Mme Doberville me regarde dans les yeux. Elle n’a pas perdu son grand sourire mais je devine son impatience. Je dirais même son agacement. Je me sens comme un petit garçon pris en faute devant par sa maîtresse. Et c’est très désagréable.

  • « Ce que je veux dire, c’est que moi, vous savez, qu’elle soit noire, blanche, jaune, verte ou bleue, ça ne me dérange pas. Par contre, maman… Elle est un peu vieille France, avec des idées à l’ancienne. Et puis, dans le village, il n’y en a pas beaucoup des noi…
  • M. Prum ! Répondez-moi franchement ! Qui se cherche une compagne ? C’est vous ou c’est votre maman ?
  • Ben, c’est moi !
  • On est bien d’accord. Vous avez 41 ans, M. Prum, c’est bien ça ? Donc, votre maman, avec tout le respect que je lui dois, elle va rester à sa place, d’accord ? C’est-à-dire en dehors de notre affaire. Donc, nous résumons : Toutes ethnies acceptées ».

 

Mme Doberville a l’air très satisfait. Je sens qu’elle était contente d’avoir mis un point final à ce questionnaire. Elle doit se dire que je ne suis pas un cas facile. Mais j’ai comme l’impression que Mme Doberville aime les défis et qu’à l’avance, elle se réjouit du jour où elle pourra écrire « casé » à côté de mon nom et me ranger dans ses archives. C’est là qu’elle m’a sorti sa tirade sur la chaussure qui m’attend forcément quelque part et qu’elle allait m’aider à la trouver, stylo et contrat tendus vers moi.

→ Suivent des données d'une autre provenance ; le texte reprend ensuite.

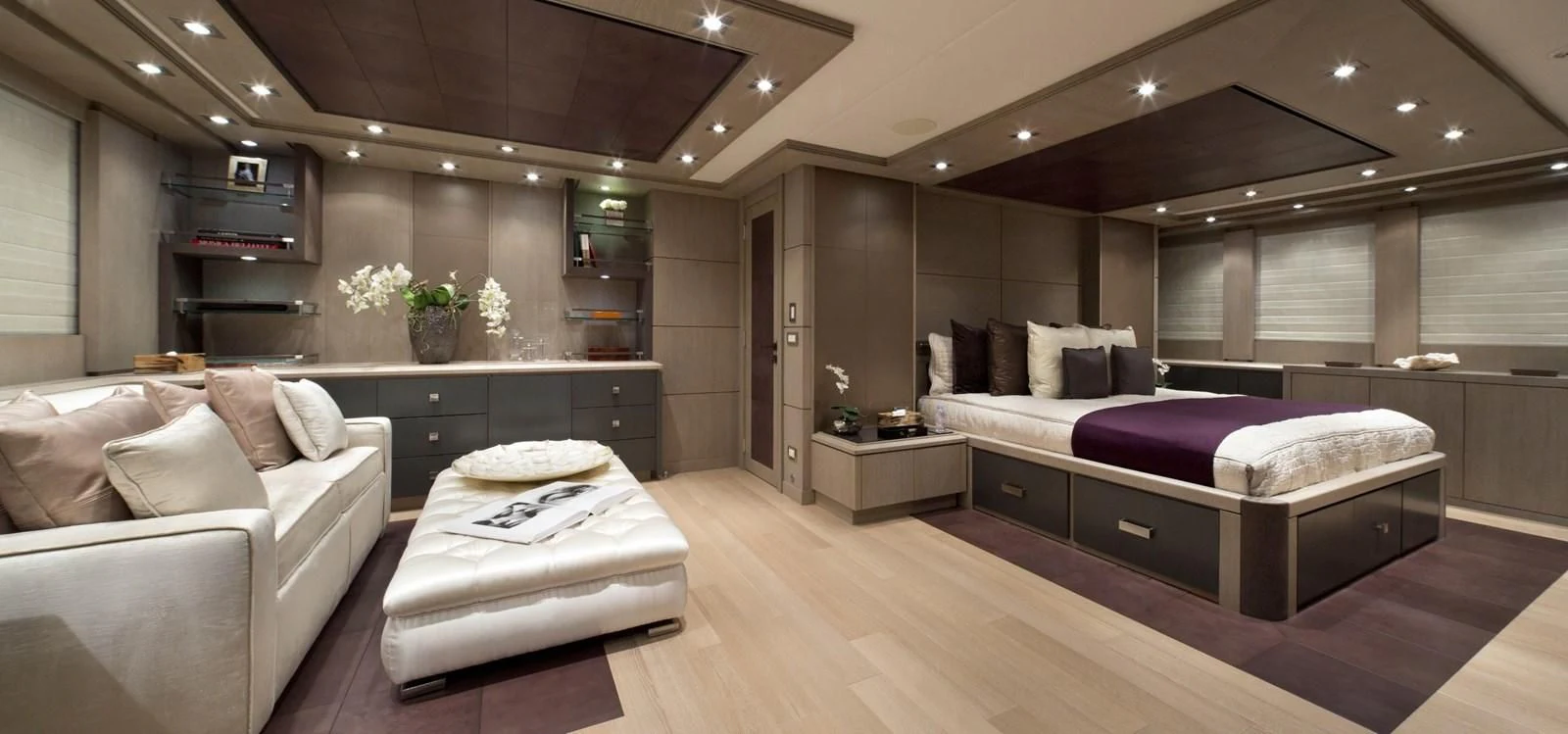 a room with a bed and a couch aboard DEFIANT Yacht for Sale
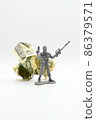 Plastic soldier with American dollars behind him. 86379571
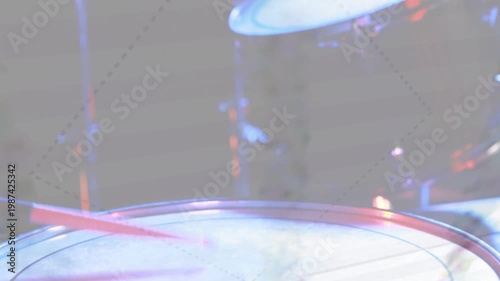 Snare anchoring camera panning up tom cymbal entering overlay drifting lights bathing kit for music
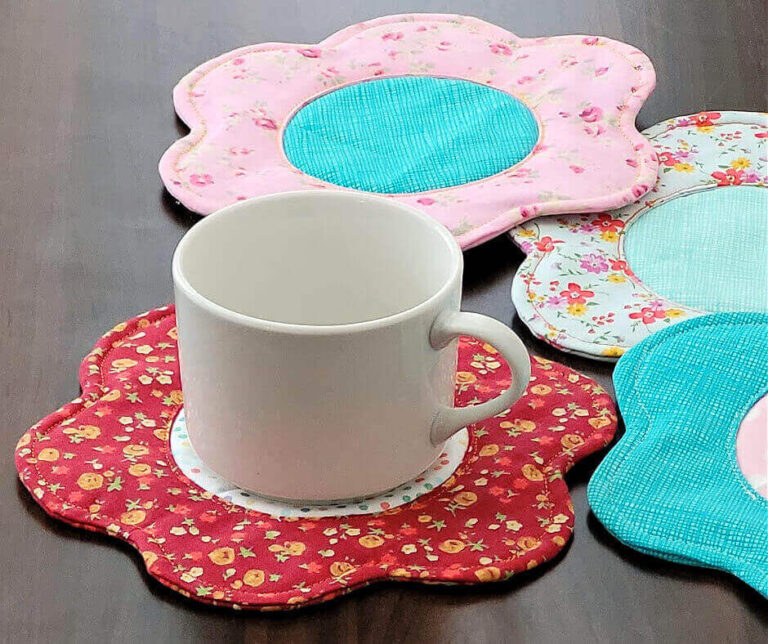 White cup with fabric flower shaped coaster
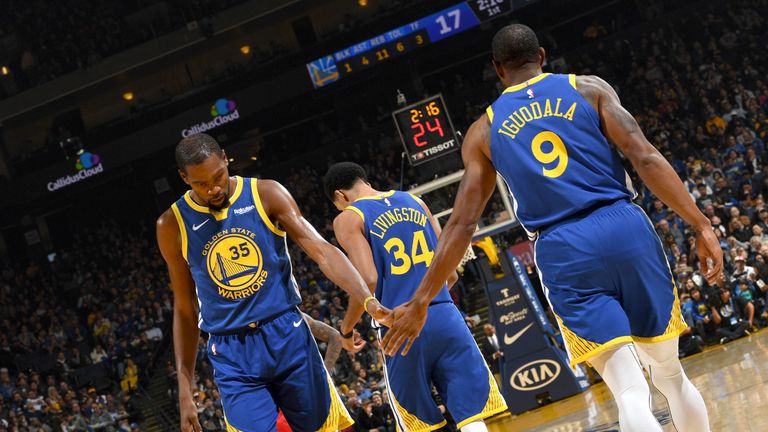 Kevin Durant shakes the hand of Andre Iguodala during Hawks @ Warriors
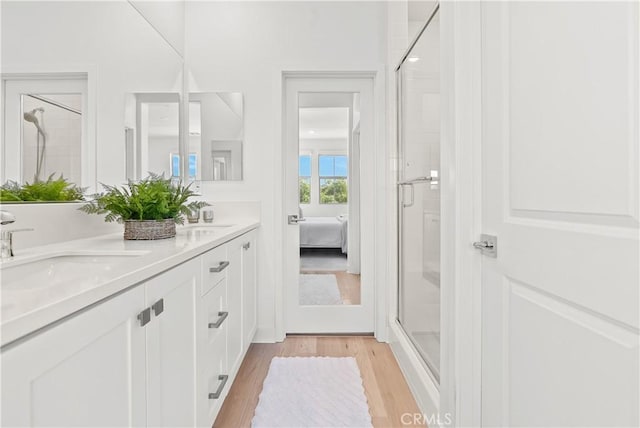 90 Harness Way, Rancho Mission Viejo, CA 92694 - full bath with double vanity, a shower stall, wood finished floors, and ensuite bathroom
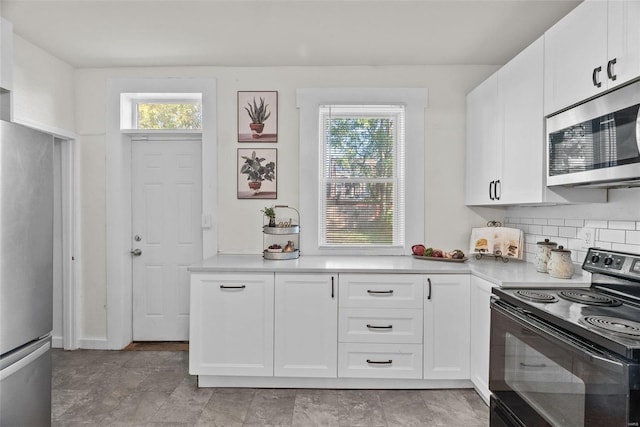 kitchen with a wealth of natural light, backsplash, appliances with stainless steel finishes, and light countertops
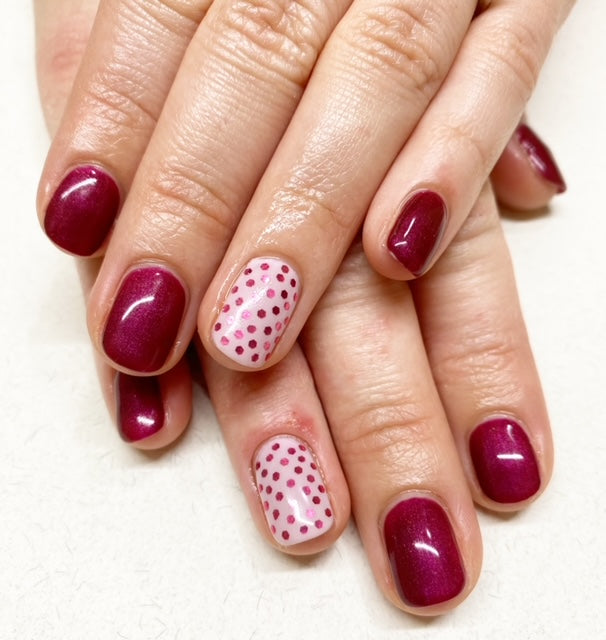 Red nails with polka dot feature nail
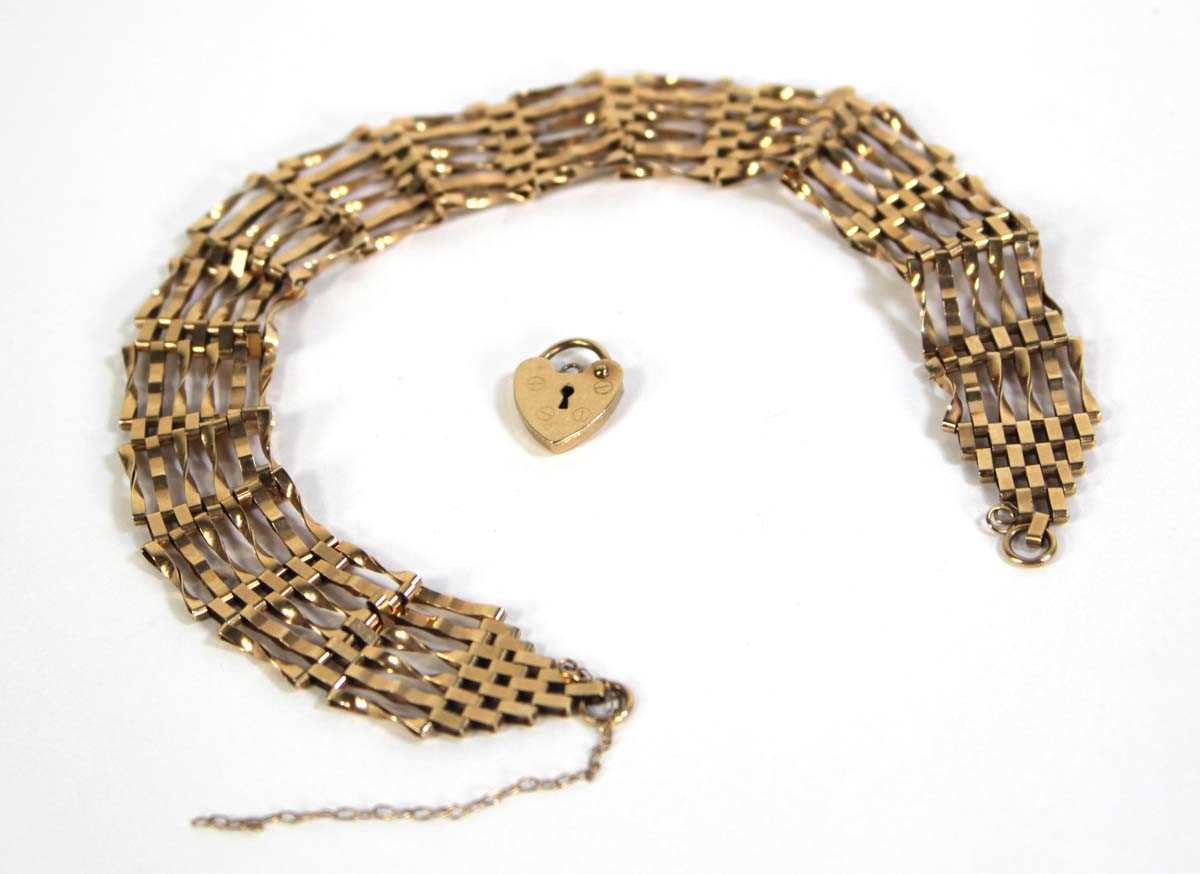 Lot 795 - A 9ct yellow gold six bar gatelink bracelet...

  • « Alors, on y va M. Prum ? »

Non.

Non, je n’ai pas envie d’y aller. C’est soudain une telle évidence dans ma tête, que j’éclate de rire. Je voudrais m’excuser, être désolé d’avoir fait perdre deux heures de temps sans doute précieux à Mme Doberville. Je ris tant que je ne peux pas. Mon interlocutrice a rangé contrat et stylo et pince les lèvres. Son air réprobateur me fait penser à Mireille et son Arial 12. Mon rire redouble. Je n’ai jamais tant ri de ma vie, et il faut que ce soit, là, dans cette agence matrimoniale, aux murs couverts de dizaines de faire-part de mariage comme autant de promesses de jours meilleurs. Je ris toujours dans la rue, à tel point que des passants se retournent, moi, sur qui on ne se retourne jamais, moi qui suis invisible. Insignifiant. Banal. En rentrant chez moi ce soir-là, j’ai appelé maman pour lui dire que je ne viendrai pas manger son haricot de mouton.

Assise à la table de la cuisine, Nathalie me regarde de ses yeux bleus intenses pour lesquels, je le sais, je serais prêt à mourir. Elle porte sa petite robe bleue à fines bretelles et ses chaussures beiges à talons hauts que j’aime tant. Nathalie et moi, on s’est rencontrées il y a trois mois et cinq jours sur un site spécialisé, peu de temps après le fiasco à l’agence matrimoniale. Très vite, on s’est installés ensemble. Personne n’est au courant. Et surtout pas maman. Quand je la vois si belle, si désirable, j’ai parfois du mal à imaginer que cette femme est ma femme. J’ai toujours envie d’elle. Et elle ne dit jamais non. C’est une coquine Nathalie, mais ça, je l’ai su dès le premier regard. Je m’approche lentement. J’aime faire durer le plaisir de nos retrouvailles. Je tends la main vers le visage de Nathalie pendant que mes yeux s’attardent sur son décolleté et la dentelle de son soutien-gorge noir qui se devine sous la robe légère.

Alors, je laisse courir mes doigts sur sa peau de silicone.